Off Licence News reports that alcohol producers are looking at taking legal action against local councils imposing “voluntary” bans on selling higher strength beer and cider in the off-trade.
Nigel McNally, managing director of Brookfield Drinks, which markets 9% abv Kestrel Super lager and 7.5% Diamond White cider, said local authorities could be bankrupted by the compensation they would be forced to pay out if they lost. Hundreds of off-licences, including the East of England Co-operative, have taken beers and ciders as low as 5.5% abv off their shelves as part of a drive to tackle street drinking, and in some cases the ban has been enshrined in premises licences.It’s also good to see producers of premium products like Henry Chevallier Guild of Aspall Cider getting involved, as they have just as much to lose, if not more, and should not deceive themselves that somehow they can avoid being tarred with the same brush.
But producers believe the schemes are illegal. McNally said: “People are being affected commercially, and when that happens companies will respond, probably collectively. Councils will be challenged and claims brought. Some councils could potentially go bust if it’s demonstrated it’s illegal, and that’s been our advice.”

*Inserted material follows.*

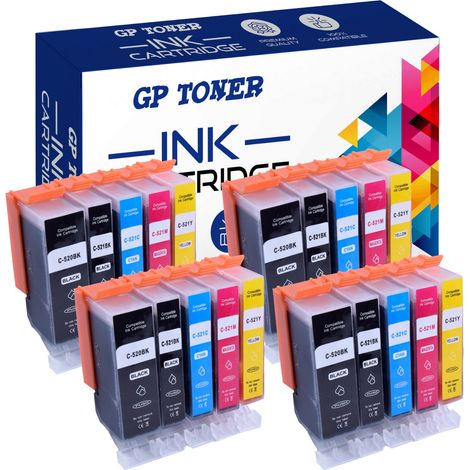 20 cartucce d'inchiostro CMYK x4 GP per Canon C520XL (1/5)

Gordon Johncox, managing director of Aston Manor Brewery, which produces 7.5% Frosty Jack’s cider, added: “According to our advice super-strength bans could be breaking competition law if there is a concerted agreement between competing parties. If the local authority facilitated a dialogue it could be seen as illegal.

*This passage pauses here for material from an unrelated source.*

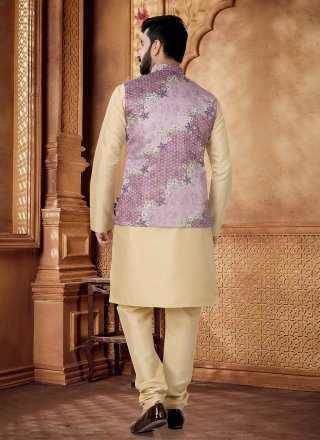 Foil Print Work Jacquard Kurta Payjama with Jacket In Gold and Wine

“A bigger issue is we’re hearing retailers feel coerced into participating, fearing they may jeopardise licences if they don’t.”
Let us hope that the courts move swiftly to reinforce the point that councils have no right to prevent the sale of entirely legal products within their areas.

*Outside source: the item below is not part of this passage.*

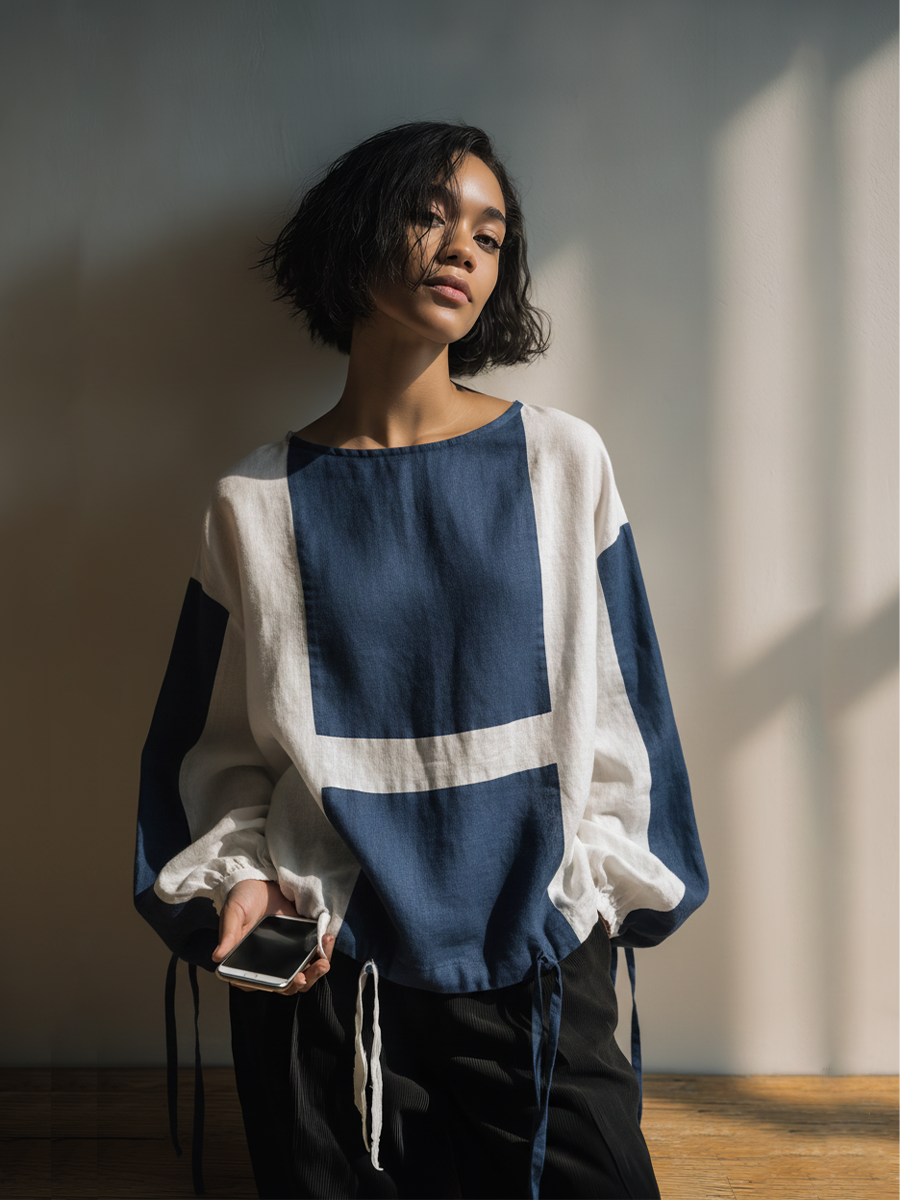 Women's Indigo White Patchwork Linen Top With Boat Neck & Cinched Drawstring Cuffs, Modern Effortless-Chic Linen Blouse MDZ0801F5LYL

It’s also very noticeable how councils who are constantly pleading poverty and unable to provide basic services properly still seem to have money to burn on things that are none of their business. And surely, if there really is a problem with street drinking, the answer is to pass a local by-law to prohibit it (although there are concerns that can be applied in a heavy-handed manner) and then actively enforce it, rather than penalising responsible consumers as well.